Image-text web data:

◆ ◆ ◆ ◆ ◆

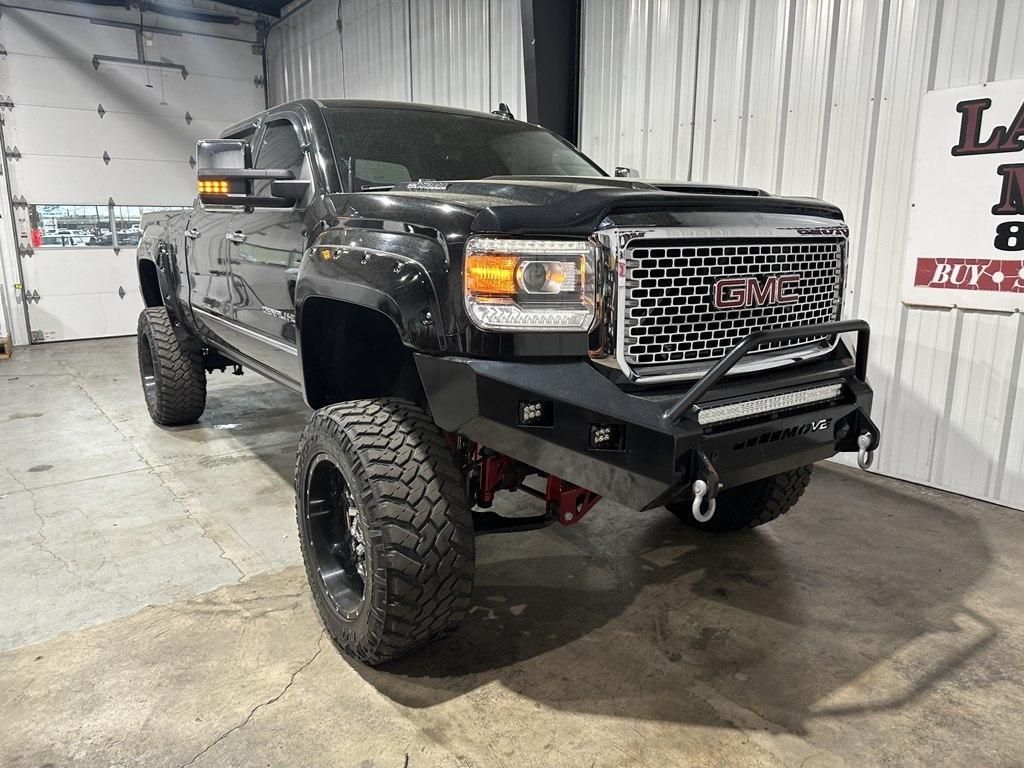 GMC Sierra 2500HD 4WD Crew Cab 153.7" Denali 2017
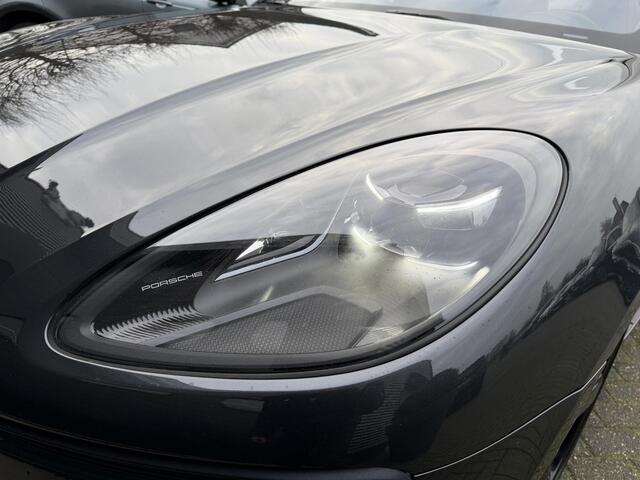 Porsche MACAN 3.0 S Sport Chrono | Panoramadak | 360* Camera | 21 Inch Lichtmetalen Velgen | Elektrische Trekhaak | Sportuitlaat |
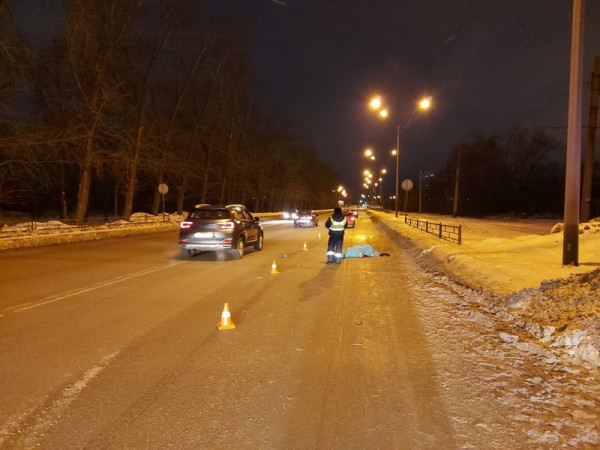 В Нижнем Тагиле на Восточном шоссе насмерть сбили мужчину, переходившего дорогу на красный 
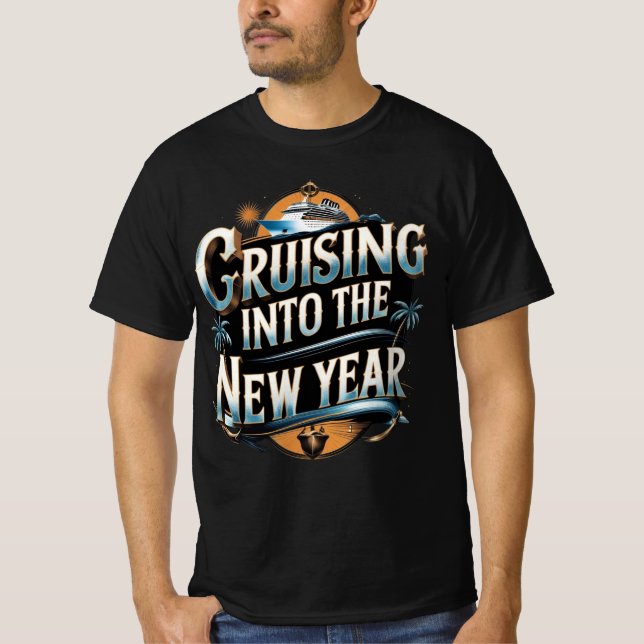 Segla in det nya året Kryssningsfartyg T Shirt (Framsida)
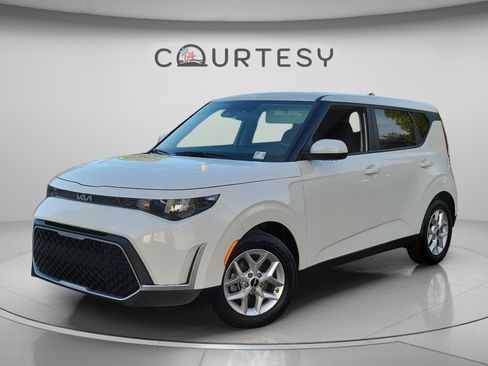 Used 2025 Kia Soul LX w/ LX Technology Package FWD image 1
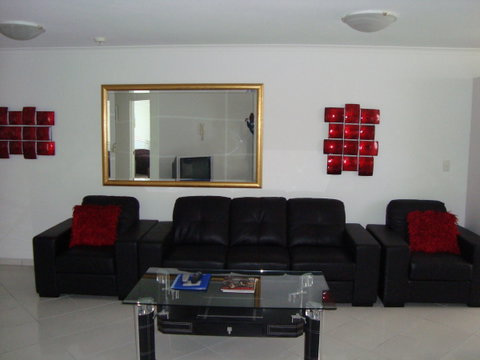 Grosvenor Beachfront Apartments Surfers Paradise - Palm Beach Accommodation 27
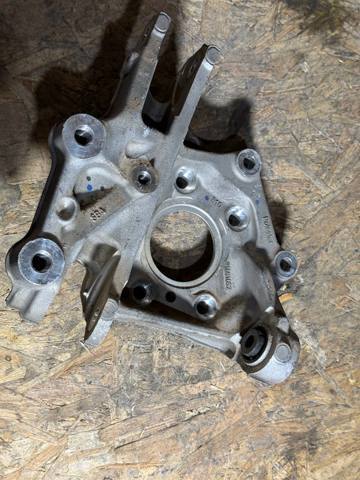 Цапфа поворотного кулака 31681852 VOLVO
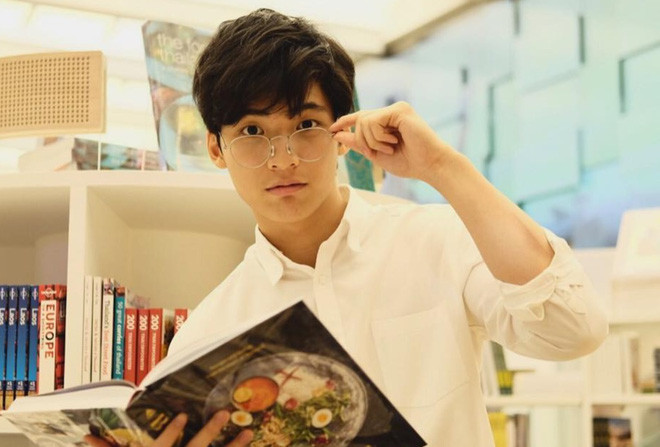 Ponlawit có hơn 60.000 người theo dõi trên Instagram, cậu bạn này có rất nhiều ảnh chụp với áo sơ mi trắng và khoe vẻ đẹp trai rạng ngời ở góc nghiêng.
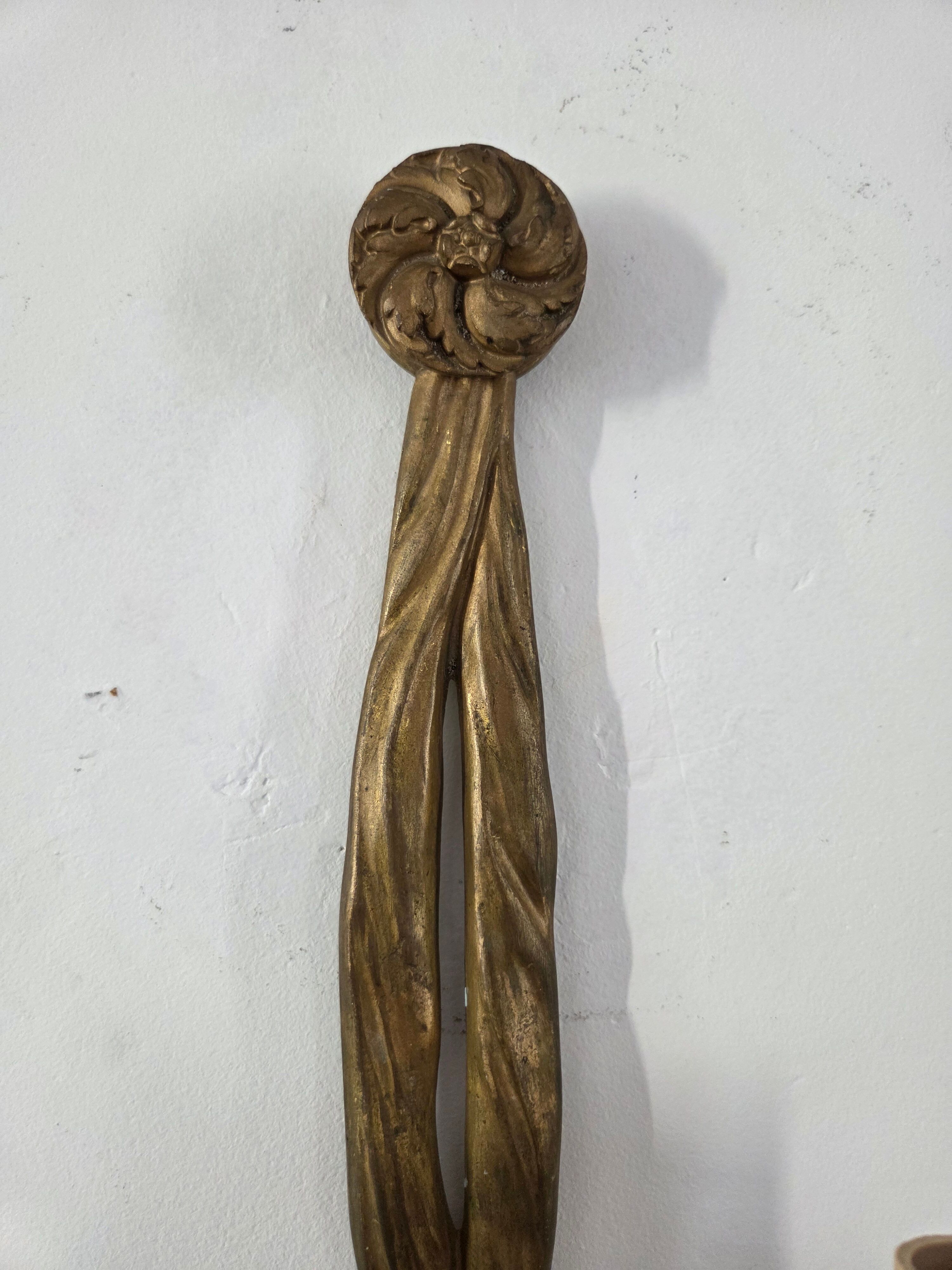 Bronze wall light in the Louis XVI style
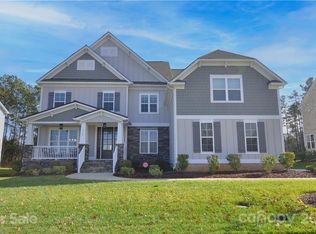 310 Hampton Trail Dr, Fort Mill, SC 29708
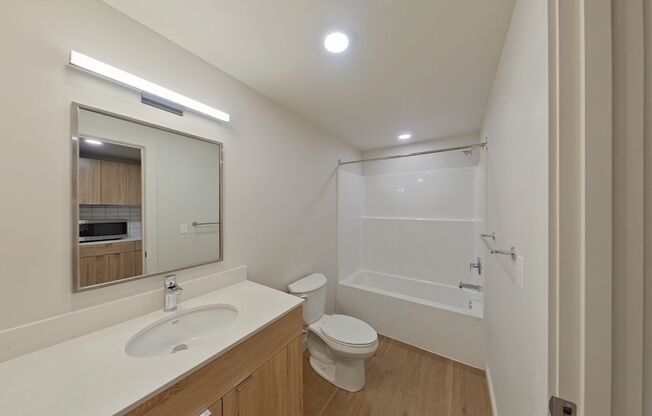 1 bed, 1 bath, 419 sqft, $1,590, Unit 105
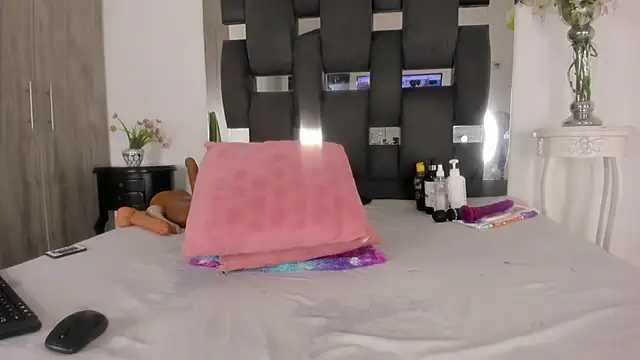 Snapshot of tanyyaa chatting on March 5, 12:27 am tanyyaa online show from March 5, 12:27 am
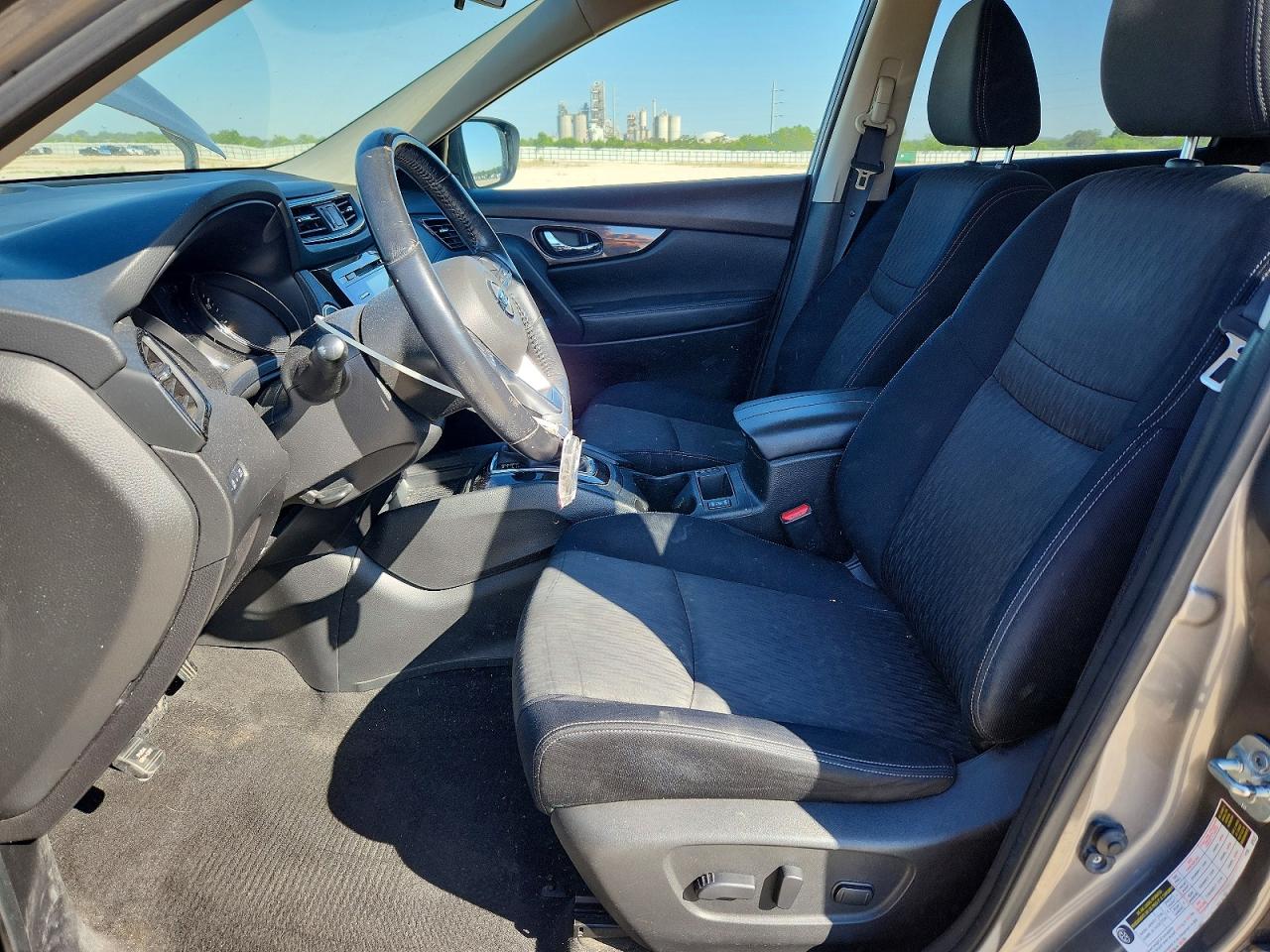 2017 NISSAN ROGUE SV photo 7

◆ ◆ ◆ ◆ ◆

Your instructions: Each record above must be set down again unchanged, with its pictures left out.

Output of the exercise:
 GMC Sierra 2500HD 4WD Crew Cab 153.7" Denali 2017
 Porsche MACAN 3.0 S Sport Chrono | Panoramadak | 360* Camera | 21 Inch Lichtmetalen Velgen | Elektrische Trekhaak | Sportuitlaat |
 В Нижнем Тагиле на Восточном шоссе насмерть сбили мужчину, переходившего дорогу на красный 
 Segla in det nya året Kryssningsfartyg T Shirt (Framsida)
 Used 2025 Kia Soul LX w/ LX Technology Package FWD image 1
 Grosvenor Beachfront Apartments Surfers Paradise - Palm Beach Accommodation 27
 Цапфа поворотного кулака 31681852 VOLVO
 Ponlawit có hơn 60.000 người theo dõi trên Instagram, cậu bạn này có rất nhiều ảnh chụp với áo sơ mi trắng và khoe vẻ đẹp trai rạng ngời ở góc nghiêng.
 Bronze wall light in the Louis XVI style
 310 Hampton Trail Dr, Fort Mill, SC 29708
 1 bed, 1 bath, 419 sqft, $1,590, Unit 105
 Snapshot of tanyyaa chatting on March 5, 12:27 am tanyyaa online show from March 5, 12:27 am
 2017 NISSAN ROGUE SV photo 7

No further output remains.